Mainly, Stewart accused the media of responding to the overbearing narcissism of the 45th president with narcissistic fervor of their own.
"I think the journalists have taken it personally," Stewart said. "They're personally wounded and offended by this man. He baits them and they dive in, and what he's done well, I thought, is appeal to their own narcissism, to their own ego."
Even if that assessment is not precisely accurate as to their disposition regarding the president, the comment itself, coming from Jon Stewart of all people, undoubtedly left many journalists, indeed, offended and wounded. Not to mention a bit ticked off.
How could Jon Stewart — who famously branded Donald Trump with a spectacularly vulgar nickname that ended with "Von Clownstick," and who was himself disparaged by the same man with dog-whistle references to his Jewish heritage (Trump insisted on calling him by his real name, Jon Leibowitz) — not defend the journalists who have confronted this president over his excesses in ugly rhetoric, racial division and thoroughgoing mendacity?

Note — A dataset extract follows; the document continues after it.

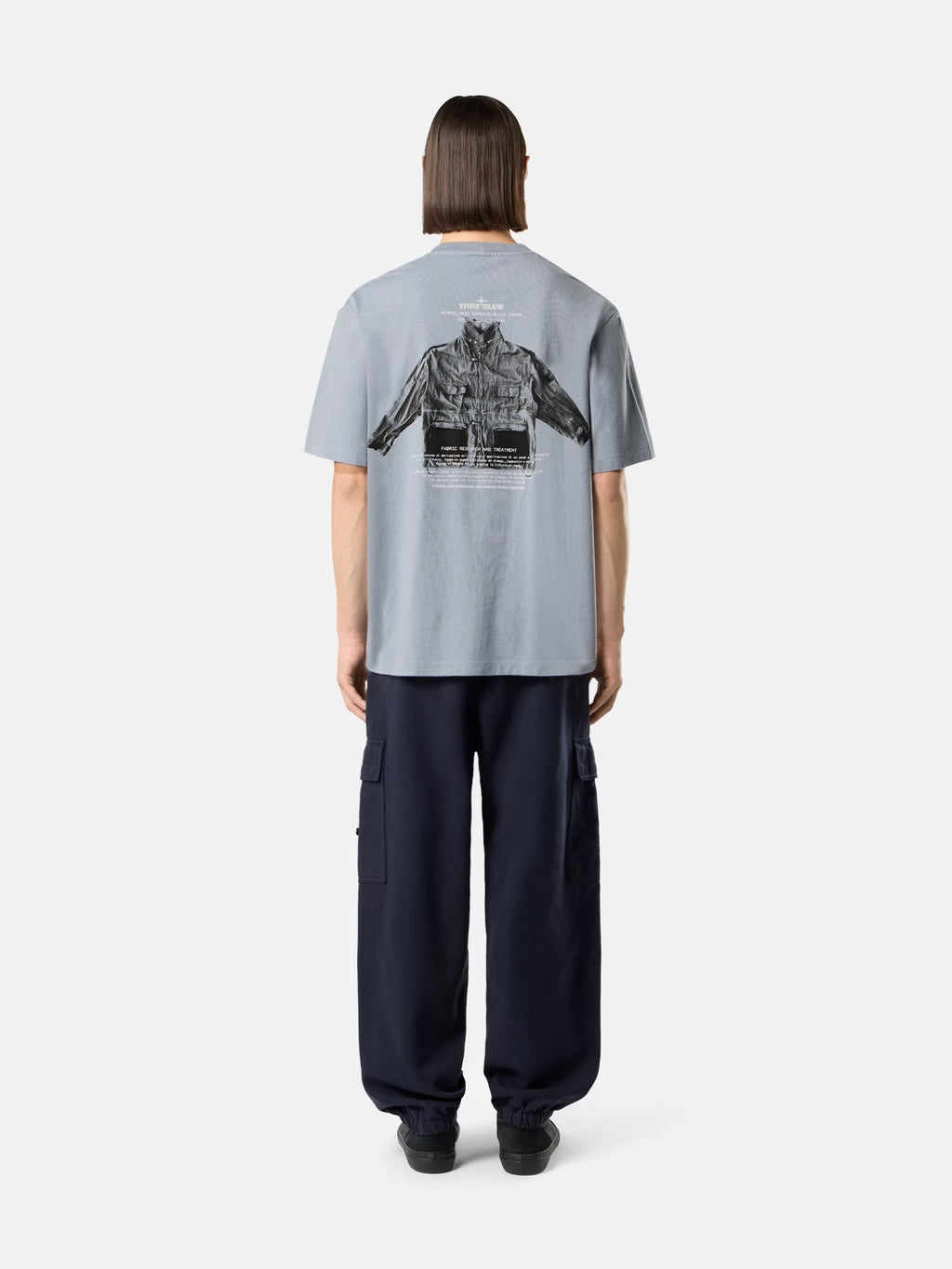 Stone Island Archivio Print T-Shirt in Ash Grey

The answer is uncomplicated: This is Jon Stewart being Jon Stewart. As much comic energy as Stewart ever expended in eviscerating politicians of the right, which was mother's milk to his audience he had more than enough left over to rain satirical fire down on what he perceived as the indiscretions and pretensions of the media, mostly of the TV variety.

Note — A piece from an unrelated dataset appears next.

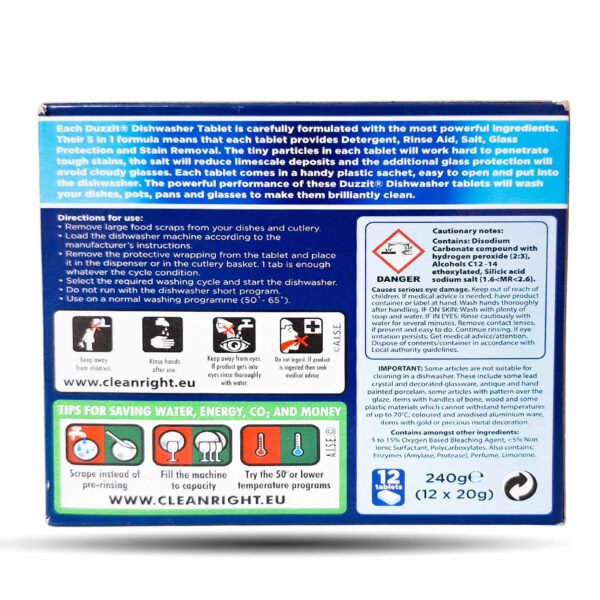 Duzzit Dishwasher Tablets 12PK - Image 2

Maybe Fox News took in the heaviest barrage of Stewart's often righteous comic anger in his "Daily Show" days. But journalists from CNN and MSNBC had their time in the barrel, as can be attested to by people like Rick Sanchez, whom Stewart chewed up repeatedly, especially for getting himself tasered (and later getting himself fired from CNN for suggesting, among other things, that Jewish people were not an oppressed minority), and Chris Matthews of MSNBC, who said it was the worst interview of his life when Stewart trashed his book "Life's a Campaign." (Stewart: "At the end of your life do you give a concession speech?")
The basic premise of "The Daily Show," from its inception, was a mock newscast. Stewart used it to mock other newscasts.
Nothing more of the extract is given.